Input
::::::

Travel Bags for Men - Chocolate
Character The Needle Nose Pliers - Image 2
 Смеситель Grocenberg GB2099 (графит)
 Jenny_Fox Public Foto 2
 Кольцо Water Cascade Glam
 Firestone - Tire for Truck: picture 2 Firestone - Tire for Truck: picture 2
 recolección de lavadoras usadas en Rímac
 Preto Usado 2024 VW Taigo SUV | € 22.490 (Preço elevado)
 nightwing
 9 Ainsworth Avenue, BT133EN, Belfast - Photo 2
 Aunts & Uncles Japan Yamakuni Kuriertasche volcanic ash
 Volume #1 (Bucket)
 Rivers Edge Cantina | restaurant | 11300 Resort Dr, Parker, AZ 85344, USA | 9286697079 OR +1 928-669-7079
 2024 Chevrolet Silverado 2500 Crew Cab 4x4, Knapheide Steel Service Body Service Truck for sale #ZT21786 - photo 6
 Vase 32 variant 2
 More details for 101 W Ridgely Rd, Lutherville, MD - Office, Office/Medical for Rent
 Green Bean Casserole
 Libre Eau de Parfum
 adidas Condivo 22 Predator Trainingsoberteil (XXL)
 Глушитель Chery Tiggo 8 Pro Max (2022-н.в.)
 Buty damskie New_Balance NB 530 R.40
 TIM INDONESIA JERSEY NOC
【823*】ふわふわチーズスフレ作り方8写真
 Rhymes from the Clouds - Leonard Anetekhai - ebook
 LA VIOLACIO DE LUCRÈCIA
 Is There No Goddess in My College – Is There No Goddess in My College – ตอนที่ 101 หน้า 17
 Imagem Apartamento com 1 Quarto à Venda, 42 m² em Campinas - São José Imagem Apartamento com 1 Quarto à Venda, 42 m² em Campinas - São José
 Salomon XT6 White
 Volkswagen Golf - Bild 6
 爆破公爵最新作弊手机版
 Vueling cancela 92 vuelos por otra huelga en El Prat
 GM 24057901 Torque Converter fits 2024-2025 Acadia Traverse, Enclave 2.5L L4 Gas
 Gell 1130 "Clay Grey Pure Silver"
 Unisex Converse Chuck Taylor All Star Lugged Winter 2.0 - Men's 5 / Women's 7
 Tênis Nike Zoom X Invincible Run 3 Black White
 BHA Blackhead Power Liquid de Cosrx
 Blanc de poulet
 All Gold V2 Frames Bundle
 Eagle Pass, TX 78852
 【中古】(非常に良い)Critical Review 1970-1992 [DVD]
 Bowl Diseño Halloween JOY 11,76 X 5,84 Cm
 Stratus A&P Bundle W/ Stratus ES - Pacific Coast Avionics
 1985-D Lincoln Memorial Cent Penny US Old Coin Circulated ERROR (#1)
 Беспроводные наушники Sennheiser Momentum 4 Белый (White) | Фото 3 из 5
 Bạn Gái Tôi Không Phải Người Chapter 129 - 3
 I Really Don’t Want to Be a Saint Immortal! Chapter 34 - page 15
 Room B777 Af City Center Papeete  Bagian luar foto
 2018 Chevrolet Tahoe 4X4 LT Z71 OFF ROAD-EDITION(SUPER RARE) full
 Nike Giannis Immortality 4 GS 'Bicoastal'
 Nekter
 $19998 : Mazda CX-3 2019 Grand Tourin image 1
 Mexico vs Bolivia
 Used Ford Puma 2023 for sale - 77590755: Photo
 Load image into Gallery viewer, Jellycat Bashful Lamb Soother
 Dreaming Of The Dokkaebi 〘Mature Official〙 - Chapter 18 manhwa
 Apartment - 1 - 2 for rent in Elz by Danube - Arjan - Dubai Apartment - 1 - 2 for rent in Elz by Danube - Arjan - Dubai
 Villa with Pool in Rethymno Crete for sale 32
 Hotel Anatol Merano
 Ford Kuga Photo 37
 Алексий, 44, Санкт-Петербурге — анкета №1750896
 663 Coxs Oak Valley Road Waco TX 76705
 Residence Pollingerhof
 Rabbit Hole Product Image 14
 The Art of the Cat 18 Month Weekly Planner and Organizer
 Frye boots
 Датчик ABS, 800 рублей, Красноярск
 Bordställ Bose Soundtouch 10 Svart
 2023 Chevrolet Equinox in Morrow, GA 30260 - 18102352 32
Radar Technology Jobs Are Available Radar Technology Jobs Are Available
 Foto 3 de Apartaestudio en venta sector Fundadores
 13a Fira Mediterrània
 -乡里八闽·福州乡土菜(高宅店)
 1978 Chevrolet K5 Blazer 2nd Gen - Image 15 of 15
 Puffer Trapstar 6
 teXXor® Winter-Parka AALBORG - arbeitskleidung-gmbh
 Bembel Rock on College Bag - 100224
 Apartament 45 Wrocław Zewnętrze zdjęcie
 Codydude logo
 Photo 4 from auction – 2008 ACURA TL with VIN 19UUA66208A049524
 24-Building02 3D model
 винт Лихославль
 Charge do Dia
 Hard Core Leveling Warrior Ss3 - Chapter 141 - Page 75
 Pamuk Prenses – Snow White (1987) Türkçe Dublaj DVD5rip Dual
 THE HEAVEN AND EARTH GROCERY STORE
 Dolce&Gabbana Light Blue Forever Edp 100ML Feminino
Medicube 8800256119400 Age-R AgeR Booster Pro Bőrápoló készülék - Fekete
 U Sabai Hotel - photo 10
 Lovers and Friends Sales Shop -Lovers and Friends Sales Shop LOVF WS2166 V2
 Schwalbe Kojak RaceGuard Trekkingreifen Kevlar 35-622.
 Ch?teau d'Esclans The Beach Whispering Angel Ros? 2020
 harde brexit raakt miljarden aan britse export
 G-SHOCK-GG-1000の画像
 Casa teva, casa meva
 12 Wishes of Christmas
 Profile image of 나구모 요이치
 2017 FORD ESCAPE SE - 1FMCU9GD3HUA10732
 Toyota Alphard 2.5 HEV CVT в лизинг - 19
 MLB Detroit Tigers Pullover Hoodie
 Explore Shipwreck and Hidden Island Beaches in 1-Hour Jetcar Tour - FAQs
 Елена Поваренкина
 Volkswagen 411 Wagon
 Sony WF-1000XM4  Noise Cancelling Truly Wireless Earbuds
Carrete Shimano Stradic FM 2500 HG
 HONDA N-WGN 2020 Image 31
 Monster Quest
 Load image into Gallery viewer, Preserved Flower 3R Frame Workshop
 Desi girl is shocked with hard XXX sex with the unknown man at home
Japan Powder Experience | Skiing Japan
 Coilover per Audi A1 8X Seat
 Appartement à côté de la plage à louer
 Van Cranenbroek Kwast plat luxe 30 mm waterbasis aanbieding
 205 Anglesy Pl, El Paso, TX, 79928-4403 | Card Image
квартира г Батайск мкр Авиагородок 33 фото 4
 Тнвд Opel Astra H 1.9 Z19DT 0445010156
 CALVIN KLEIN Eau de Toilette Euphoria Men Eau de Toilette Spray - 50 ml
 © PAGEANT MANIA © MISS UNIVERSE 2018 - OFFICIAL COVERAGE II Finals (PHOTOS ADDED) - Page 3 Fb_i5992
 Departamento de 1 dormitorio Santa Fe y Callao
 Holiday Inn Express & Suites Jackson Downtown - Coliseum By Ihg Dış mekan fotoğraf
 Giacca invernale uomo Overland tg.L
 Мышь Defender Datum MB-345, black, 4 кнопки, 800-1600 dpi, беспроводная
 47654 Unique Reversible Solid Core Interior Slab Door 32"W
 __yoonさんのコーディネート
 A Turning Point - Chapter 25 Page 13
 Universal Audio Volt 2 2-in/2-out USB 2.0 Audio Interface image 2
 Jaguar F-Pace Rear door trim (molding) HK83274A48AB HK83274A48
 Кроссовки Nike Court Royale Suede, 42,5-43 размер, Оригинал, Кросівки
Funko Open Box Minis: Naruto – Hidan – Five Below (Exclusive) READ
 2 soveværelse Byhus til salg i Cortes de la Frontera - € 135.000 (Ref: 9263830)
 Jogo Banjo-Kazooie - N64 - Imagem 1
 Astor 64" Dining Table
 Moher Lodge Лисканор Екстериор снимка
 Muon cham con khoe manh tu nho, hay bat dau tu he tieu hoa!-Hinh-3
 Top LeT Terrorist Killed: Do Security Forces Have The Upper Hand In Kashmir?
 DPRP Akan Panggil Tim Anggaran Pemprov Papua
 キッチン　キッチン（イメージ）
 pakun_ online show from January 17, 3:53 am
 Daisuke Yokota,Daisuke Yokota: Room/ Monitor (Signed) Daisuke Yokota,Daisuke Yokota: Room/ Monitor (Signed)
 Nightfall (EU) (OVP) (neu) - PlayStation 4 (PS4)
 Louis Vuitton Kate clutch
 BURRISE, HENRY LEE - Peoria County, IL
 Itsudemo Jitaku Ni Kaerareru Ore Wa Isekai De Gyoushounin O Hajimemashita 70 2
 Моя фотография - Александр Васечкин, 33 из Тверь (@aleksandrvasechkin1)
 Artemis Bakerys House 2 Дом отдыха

::::::

What you need to do
In the listing above, locate the line containing "Apartament 45 Wrocław Zewnętrze zdjęcie" and the line containing "Appartement à côté de la plage à louer". Transcribe those two lines and everything between them, exactly as written.

Answer section
 Apartament 45 Wrocław Zewnętrze zdjęcie
 Codydude logo
 Photo 4 from auction – 2008 ACURA TL with VIN 19UUA66208A049524
 24-Building02 3D model
 винт Лихославль
 Charge do Dia
 Hard Core Leveling Warrior Ss3 - Chapter 141 - Page 75
 Pamuk Prenses – Snow White (1987) Türkçe Dublaj DVD5rip Dual
 THE HEAVEN AND EARTH GROCERY STORE
 Dolce&Gabbana Light Blue Forever Edp 100ML Feminino
Medicube 8800256119400 Age-R AgeR Booster Pro Bőrápoló készülék - Fekete
 U Sabai Hotel - photo 10
 Lovers and Friends Sales Shop -Lovers and Friends Sales Shop LOVF WS2166 V2
 Schwalbe Kojak RaceGuard Trekkingreifen Kevlar 35-622.
 Ch?teau d'Esclans The Beach Whispering Angel Ros? 2020
 harde brexit raakt miljarden aan britse export
 G-SHOCK-GG-1000の画像
 Casa teva, casa meva
 12 Wishes of Christmas
 Profile image of 나구모 요이치
 2017 FORD ESCAPE SE - 1FMCU9GD3HUA10732
 Toyota Alphard 2.5 HEV CVT в лизинг - 19
 MLB Detroit Tigers Pullover Hoodie
 Explore Shipwreck and Hidden Island Beaches in 1-Hour Jetcar Tour - FAQs
 Елена Поваренкина
 Volkswagen 411 Wagon
 Sony WF-1000XM4  Noise Cancelling Truly Wireless Earbuds
Carrete Shimano Stradic FM 2500 HG
 HONDA N-WGN 2020 Image 31
 Monster Quest
 Load image into Gallery viewer, Preserved Flower 3R Frame Workshop
 Desi girl is shocked with hard XXX sex with the unknown man at home
Japan Powder Experience | Skiing Japan
 Coilover per Audi A1 8X Seat
 Appartement à côté de la plage à louer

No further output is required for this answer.